Describe the main findings from your paper.
We demonstrate that the coordinated activation of c-Src and FOXM1 in breast cancer leads to cell-cycle deregulation, accelerated proliferation, and tumor progression. Additionally, loss of c-Src–mediated phosphorylation of FOXM1 or pharmacological targeting of FOXM1 blocks the cell cycle by suppressing the expression of G2/M-phase genes and of c-Src itself. This disrupts the positive feedback loop and impairing tumor progression and metastasis of aggressive luminal breast cancers.
What do you think makes this paper stand out from other papers in the field?

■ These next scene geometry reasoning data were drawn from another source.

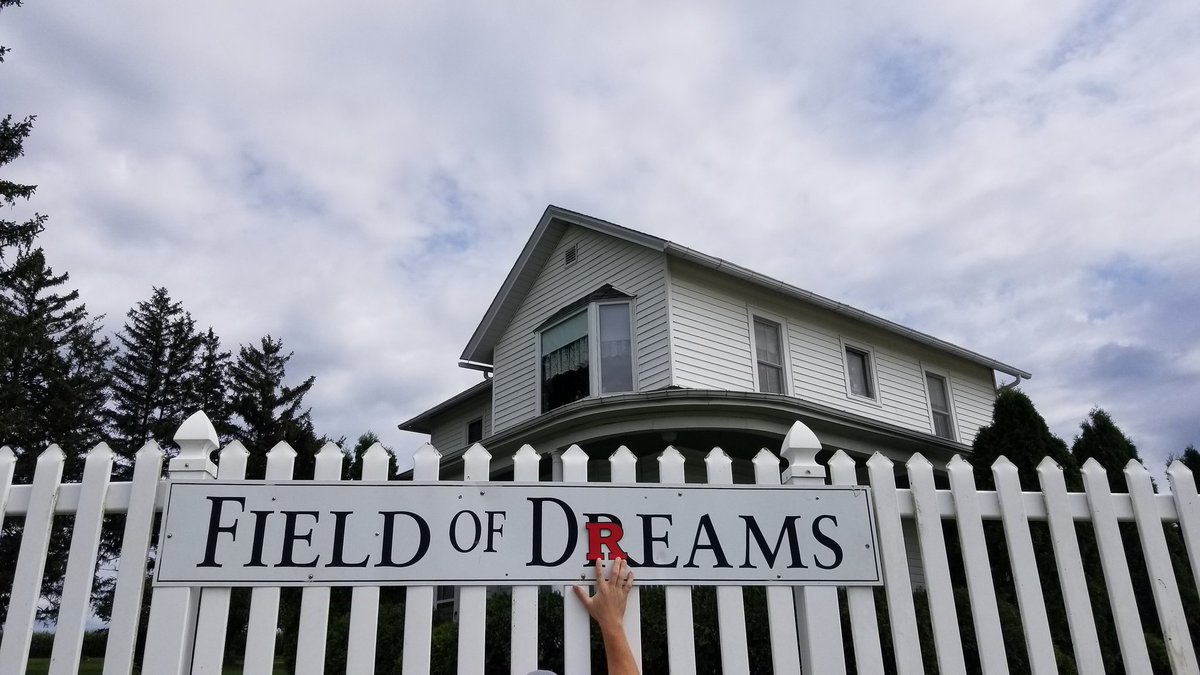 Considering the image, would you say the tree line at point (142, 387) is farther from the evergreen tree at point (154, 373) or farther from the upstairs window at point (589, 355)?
the upstairs window at point (589, 355)

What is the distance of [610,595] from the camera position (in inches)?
111

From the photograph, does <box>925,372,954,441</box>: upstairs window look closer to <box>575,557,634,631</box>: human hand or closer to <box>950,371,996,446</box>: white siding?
<box>950,371,996,446</box>: white siding

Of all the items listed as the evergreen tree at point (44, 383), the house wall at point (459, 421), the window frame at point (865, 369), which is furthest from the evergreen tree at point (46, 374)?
the window frame at point (865, 369)

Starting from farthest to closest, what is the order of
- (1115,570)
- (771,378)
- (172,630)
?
(771,378) → (1115,570) → (172,630)

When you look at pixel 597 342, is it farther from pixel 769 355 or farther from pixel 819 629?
pixel 819 629

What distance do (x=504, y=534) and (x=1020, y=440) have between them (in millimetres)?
10717

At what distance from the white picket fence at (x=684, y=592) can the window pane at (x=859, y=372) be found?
1188 cm

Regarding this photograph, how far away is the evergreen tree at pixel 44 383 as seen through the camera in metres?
20.0

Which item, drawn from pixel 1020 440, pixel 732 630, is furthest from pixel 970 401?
pixel 732 630

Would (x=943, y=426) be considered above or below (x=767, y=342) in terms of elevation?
below

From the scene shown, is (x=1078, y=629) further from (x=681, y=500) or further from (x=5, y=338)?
(x=5, y=338)

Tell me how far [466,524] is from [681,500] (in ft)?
2.57

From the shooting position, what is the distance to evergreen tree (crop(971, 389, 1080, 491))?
11.4 meters

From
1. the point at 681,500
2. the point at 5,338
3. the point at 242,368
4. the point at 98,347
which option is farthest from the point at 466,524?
the point at 98,347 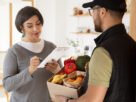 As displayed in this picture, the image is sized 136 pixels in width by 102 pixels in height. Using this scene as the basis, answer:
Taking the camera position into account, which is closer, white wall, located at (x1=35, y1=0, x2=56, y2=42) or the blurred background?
the blurred background

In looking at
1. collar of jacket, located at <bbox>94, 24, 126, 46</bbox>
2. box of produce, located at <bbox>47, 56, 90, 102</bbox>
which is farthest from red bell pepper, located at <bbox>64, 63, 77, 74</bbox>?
collar of jacket, located at <bbox>94, 24, 126, 46</bbox>

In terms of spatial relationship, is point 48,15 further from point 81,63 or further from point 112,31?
point 112,31

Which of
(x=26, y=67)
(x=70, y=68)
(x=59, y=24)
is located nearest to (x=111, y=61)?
(x=70, y=68)

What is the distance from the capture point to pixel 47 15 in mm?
5301

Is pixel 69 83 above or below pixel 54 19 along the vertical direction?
below

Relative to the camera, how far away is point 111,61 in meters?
0.80

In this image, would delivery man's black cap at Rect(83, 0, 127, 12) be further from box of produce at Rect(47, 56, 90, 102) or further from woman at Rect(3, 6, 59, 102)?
woman at Rect(3, 6, 59, 102)

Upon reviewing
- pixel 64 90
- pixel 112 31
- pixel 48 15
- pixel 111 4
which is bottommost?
pixel 64 90

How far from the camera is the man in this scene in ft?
2.62

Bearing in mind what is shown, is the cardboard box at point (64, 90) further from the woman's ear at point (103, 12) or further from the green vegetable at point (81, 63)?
the woman's ear at point (103, 12)

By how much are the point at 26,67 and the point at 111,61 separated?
77 cm

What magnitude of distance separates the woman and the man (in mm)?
525

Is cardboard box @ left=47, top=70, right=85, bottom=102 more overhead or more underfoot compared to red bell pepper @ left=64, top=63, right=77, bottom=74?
more underfoot

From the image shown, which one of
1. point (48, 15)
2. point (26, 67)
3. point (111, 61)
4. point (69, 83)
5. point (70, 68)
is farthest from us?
point (48, 15)
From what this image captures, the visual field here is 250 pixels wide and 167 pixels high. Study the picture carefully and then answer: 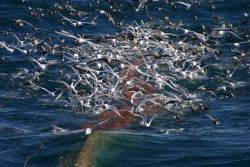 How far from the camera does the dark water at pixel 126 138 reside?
16.2m

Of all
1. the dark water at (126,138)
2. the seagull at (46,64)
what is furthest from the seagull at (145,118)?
the seagull at (46,64)

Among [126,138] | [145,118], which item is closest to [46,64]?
[145,118]

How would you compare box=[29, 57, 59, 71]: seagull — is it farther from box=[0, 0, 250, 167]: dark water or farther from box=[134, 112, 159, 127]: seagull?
box=[134, 112, 159, 127]: seagull

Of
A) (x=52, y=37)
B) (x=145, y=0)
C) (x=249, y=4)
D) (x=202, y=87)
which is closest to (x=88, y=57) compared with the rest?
(x=202, y=87)

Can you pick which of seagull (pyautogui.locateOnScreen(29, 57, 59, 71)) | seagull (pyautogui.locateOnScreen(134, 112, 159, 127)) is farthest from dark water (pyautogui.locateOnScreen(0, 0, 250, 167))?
seagull (pyautogui.locateOnScreen(29, 57, 59, 71))

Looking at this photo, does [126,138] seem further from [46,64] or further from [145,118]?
[46,64]

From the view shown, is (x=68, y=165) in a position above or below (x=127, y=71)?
below

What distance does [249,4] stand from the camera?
34.7 metres

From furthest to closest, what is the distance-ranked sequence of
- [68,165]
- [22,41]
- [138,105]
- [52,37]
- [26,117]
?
[52,37]
[22,41]
[26,117]
[138,105]
[68,165]

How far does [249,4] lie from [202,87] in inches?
542

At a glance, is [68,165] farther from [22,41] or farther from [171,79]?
[22,41]

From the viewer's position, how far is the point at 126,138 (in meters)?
17.5

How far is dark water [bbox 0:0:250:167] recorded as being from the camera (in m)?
16.2

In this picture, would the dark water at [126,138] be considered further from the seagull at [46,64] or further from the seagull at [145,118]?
the seagull at [46,64] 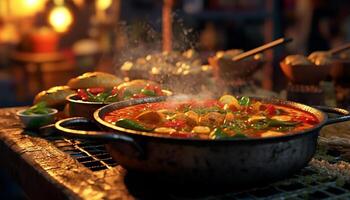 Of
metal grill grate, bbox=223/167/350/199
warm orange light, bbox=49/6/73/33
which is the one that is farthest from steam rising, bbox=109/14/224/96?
warm orange light, bbox=49/6/73/33

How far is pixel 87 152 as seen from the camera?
2559 mm

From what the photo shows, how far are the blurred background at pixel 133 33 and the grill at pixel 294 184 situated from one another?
203cm

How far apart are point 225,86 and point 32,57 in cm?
751

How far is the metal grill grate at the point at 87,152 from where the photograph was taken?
2354 millimetres

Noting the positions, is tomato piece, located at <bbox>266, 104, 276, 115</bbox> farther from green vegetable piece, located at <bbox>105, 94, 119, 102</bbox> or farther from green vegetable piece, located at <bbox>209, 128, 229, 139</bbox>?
green vegetable piece, located at <bbox>105, 94, 119, 102</bbox>

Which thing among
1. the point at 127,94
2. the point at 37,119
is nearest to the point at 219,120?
the point at 127,94

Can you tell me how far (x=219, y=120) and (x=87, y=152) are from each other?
82 centimetres

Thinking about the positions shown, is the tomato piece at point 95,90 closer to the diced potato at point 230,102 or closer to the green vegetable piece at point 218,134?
the diced potato at point 230,102

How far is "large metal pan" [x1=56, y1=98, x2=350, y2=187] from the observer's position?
71.3 inches

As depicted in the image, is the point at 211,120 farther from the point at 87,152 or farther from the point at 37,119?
the point at 37,119

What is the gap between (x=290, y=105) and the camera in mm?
2598

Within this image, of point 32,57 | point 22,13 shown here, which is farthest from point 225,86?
point 22,13

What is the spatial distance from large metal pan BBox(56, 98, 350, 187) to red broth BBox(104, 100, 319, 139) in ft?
0.23

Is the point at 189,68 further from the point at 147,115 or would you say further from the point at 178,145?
the point at 178,145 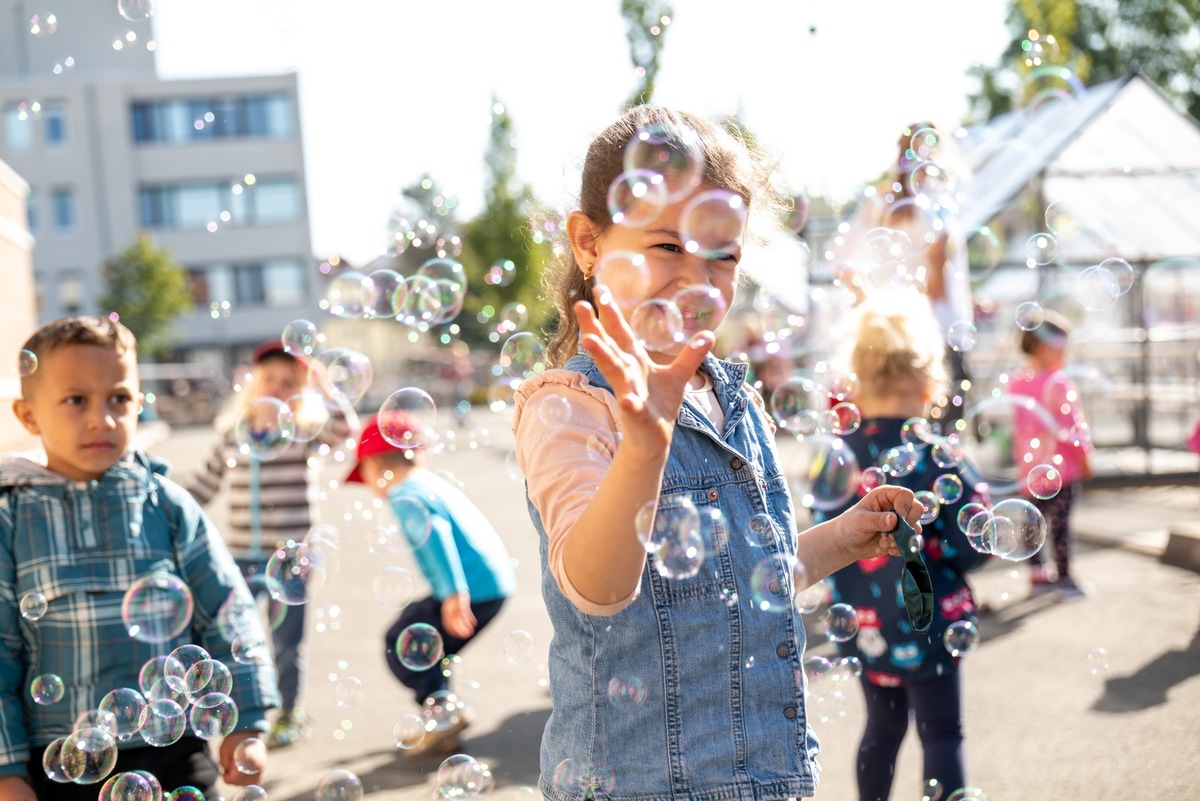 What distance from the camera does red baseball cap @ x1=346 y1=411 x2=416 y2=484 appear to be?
4.01m

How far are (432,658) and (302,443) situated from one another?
5.21 feet

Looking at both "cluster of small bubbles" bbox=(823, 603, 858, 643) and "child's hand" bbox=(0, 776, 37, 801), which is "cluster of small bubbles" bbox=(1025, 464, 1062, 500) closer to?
"cluster of small bubbles" bbox=(823, 603, 858, 643)

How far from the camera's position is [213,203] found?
4572cm

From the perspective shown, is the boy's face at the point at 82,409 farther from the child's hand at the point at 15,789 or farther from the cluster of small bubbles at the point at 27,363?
the child's hand at the point at 15,789

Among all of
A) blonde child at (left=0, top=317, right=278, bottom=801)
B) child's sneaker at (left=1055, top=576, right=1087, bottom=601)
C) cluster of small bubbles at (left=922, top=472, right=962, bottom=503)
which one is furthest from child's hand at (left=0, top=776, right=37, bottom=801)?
child's sneaker at (left=1055, top=576, right=1087, bottom=601)

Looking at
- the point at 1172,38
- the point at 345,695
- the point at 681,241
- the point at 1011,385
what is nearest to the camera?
the point at 681,241

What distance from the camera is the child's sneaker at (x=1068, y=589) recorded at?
6285 millimetres

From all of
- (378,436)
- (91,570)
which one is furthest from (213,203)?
(91,570)

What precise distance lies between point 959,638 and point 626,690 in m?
1.56

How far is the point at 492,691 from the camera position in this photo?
538 centimetres

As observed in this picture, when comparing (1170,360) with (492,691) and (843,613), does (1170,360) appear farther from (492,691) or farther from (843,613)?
(843,613)

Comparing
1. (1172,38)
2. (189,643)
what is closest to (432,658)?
(189,643)

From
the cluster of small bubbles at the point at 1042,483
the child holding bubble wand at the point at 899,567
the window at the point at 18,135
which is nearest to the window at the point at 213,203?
the window at the point at 18,135

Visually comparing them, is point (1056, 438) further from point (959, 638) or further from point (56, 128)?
point (56, 128) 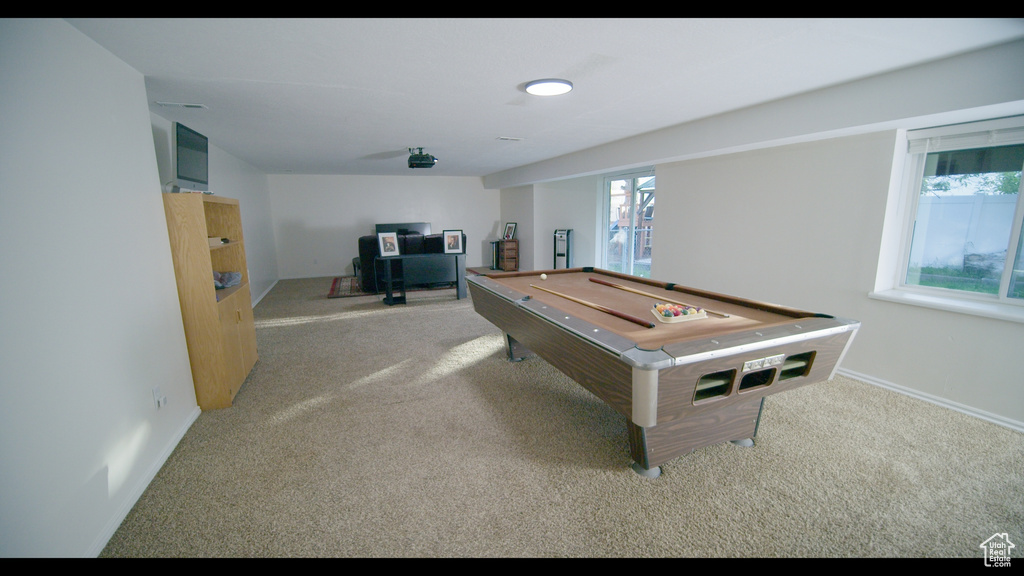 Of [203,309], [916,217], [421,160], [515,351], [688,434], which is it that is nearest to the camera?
[688,434]

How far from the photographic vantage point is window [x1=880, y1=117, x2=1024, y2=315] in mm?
2488

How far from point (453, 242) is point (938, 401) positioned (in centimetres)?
541

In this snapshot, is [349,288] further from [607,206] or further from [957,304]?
[957,304]

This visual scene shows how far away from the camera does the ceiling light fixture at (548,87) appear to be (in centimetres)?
243

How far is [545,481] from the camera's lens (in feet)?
6.31

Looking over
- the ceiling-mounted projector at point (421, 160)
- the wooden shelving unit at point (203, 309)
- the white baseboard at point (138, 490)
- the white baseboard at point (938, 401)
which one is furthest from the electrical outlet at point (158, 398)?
the white baseboard at point (938, 401)

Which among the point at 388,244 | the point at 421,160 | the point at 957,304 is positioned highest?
the point at 421,160

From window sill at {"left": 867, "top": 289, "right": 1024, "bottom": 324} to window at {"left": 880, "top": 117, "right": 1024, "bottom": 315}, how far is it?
0.05 m

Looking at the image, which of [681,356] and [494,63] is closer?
[681,356]

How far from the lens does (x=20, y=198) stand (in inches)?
52.1

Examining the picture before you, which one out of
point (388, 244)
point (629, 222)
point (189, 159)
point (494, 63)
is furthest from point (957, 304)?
point (388, 244)

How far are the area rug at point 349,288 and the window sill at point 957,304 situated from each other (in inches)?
219

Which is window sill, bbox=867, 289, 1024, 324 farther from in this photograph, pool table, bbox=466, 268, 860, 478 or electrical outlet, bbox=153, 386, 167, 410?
electrical outlet, bbox=153, 386, 167, 410

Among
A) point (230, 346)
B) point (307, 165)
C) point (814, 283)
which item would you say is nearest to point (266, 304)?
point (307, 165)
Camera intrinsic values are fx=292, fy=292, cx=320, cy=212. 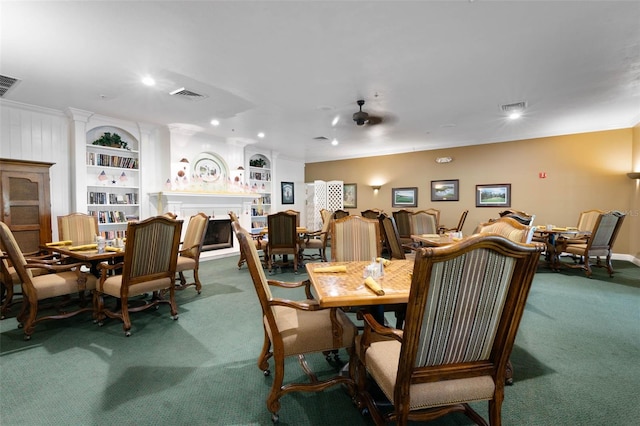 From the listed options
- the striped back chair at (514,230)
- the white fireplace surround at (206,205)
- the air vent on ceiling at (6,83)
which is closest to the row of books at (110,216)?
the white fireplace surround at (206,205)

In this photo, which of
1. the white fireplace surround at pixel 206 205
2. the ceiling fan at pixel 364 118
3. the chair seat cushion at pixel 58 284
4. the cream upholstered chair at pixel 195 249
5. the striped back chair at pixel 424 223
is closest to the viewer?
the chair seat cushion at pixel 58 284

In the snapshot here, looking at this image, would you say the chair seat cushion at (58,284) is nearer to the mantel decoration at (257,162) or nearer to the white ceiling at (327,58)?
the white ceiling at (327,58)

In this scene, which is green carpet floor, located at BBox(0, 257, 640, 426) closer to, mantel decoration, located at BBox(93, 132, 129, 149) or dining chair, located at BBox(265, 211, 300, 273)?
dining chair, located at BBox(265, 211, 300, 273)

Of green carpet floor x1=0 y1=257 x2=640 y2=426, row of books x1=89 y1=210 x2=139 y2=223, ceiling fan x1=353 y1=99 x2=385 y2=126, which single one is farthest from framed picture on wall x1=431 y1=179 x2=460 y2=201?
row of books x1=89 y1=210 x2=139 y2=223

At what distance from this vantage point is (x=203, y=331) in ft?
9.22

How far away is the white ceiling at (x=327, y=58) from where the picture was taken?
7.93 ft

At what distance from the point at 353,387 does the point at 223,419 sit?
774 millimetres

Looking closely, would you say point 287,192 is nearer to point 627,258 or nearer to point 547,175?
point 547,175

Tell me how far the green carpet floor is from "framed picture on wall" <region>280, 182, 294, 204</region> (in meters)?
6.07

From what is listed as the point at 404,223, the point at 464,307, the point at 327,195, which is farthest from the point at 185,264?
the point at 327,195

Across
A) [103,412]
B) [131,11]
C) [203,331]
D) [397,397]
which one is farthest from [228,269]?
[397,397]

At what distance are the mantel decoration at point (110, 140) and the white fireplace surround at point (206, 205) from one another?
3.54ft

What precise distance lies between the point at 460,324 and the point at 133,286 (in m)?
2.88

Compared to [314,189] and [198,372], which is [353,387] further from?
[314,189] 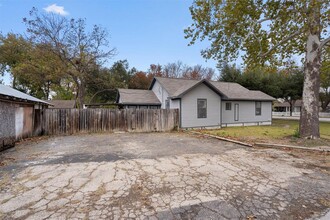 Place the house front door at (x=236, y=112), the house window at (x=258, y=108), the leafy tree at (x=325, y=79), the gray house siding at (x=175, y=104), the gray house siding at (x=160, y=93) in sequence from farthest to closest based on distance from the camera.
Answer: the house window at (x=258, y=108)
the house front door at (x=236, y=112)
the gray house siding at (x=160, y=93)
the gray house siding at (x=175, y=104)
the leafy tree at (x=325, y=79)

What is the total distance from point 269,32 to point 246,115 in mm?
9510

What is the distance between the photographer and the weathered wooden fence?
37.1 feet

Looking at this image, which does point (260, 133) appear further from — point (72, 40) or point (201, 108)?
point (72, 40)

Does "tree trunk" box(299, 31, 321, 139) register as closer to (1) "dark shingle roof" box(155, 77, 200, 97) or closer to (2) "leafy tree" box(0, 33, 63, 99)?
(1) "dark shingle roof" box(155, 77, 200, 97)

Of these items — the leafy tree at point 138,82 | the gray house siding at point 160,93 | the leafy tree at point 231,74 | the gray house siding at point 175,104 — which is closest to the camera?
the gray house siding at point 175,104

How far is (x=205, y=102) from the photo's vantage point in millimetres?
14734

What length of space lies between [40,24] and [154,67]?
23.3 metres

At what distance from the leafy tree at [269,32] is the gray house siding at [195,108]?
11.7 feet

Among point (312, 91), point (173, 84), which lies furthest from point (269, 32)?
point (173, 84)

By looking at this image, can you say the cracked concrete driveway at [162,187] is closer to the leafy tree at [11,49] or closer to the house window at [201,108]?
the house window at [201,108]

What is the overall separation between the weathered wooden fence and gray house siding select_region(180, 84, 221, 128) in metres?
0.73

This paper stands out from other papers in the field as this is the first study to describe the closely coordinated expression of c-Src and FOXM1 in human breast cancers. We show that c-Src-dependent tyrosine phosphorylation of FOXM1 promotes its nuclear localization and activates the expression of cell-cycle progression genes as well as c-Src itself. This positive feedback loop drives proliferation and interfering with the regulatory network centered on c-Src and FOXM1 may improve patient outcome. This is especially important, as clinical trials of Src inhibitors in solid tumors yield mixed or poor results. As such, specific targeting essential functions downstream of c-Src, such as FOXM1, is integral in developing effective therapeutic strategies for cancer patients.
What was your favourite experiment in this paper, and how was it conducted?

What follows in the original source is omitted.